Taylane é boa bordadeira. Manuseia mil novelos coloridos, enfia agulha, pega-a no tato por baixo do badoque e a manda de volta. Repete e repete a função com segura calma. E dessa labuta, brotam: a avó cúmplice, a cachorrinha “roubada”, o tio vilão, o pai com seu avião de sonhos e outros inesquecíveis momentos. Ora, as linhas se engrolam ou deixam um espaço maior. O leitor se preocupa à toa. A tecedeira cria uma elevação ou uma depressão na geografia de seu bordado. E nesta azáfama de furos e linhas trespassando, imagens ganham vida ou são incógnitas figuras a decifrar, como se a bordadeira fosse feiticeira: o amor que se regenera como o rabo das lagartixas e as memórias saem como cobras de dentro das rachaduras das paredes. Ele me roubou de casa como se eu fosse um chapéu e me puxou nossos cabelos com tanta força que parecia arrancar raízes da terra. Não é fácil ver seus olhos assim fechados como dois buracos onde guarda um segredo, mas me satisfaz sair gritando pela pracinha ao flagrar os meninos batendo punheta no fundo da igreja.

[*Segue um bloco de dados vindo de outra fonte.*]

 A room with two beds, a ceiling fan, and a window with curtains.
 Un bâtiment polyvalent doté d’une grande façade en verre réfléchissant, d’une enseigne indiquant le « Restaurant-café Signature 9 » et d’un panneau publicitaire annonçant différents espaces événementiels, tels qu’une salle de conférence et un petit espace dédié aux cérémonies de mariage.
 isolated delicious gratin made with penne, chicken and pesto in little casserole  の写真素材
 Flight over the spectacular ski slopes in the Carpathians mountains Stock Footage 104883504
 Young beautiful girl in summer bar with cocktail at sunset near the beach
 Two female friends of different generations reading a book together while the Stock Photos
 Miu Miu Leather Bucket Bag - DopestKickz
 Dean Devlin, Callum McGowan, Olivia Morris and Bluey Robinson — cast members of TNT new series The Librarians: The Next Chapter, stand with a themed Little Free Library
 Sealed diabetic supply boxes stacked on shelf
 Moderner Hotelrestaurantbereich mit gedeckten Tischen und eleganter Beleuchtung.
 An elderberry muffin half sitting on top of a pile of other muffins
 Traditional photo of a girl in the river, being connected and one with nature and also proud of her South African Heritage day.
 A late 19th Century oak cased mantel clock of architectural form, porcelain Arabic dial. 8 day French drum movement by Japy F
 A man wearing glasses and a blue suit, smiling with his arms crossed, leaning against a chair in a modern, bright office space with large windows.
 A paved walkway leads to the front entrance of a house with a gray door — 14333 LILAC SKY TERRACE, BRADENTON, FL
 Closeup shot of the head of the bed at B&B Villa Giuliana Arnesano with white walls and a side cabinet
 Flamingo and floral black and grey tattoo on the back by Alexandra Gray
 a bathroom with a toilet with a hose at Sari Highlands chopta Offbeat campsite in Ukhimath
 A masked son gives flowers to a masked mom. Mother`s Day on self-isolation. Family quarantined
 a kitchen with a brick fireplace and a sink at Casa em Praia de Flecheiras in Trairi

Não há como mostrar o que cada conto revela, o que um livro deste contém, a não ser que o replique inteiro e, mesmo assim, com minguada chance de sucesso. A literatura cria em cada célula, infinitas camadas a decifrar.
E eu, aqui, sou somente o arauto que grita ao vento: chegou um novo rei para governar; chegou um bandoleiro para mexer com a gente.
Está nas livrarias de Aracaju (e do Brasil) o novo livro de Taylane Cruz para ser lido.
(Por Antonio FJ Saracura, em Aracaju, 02 de janeiro de 2024).
[1] Do
livro “Conversas inéditas: José e Pilar”, de Miguel Gonçalves Mendes, citado
no artigo “Confissões” inserido no “Livro sobre Livros (Escritos Diversos, volume 5)", de Enéas Athanázio.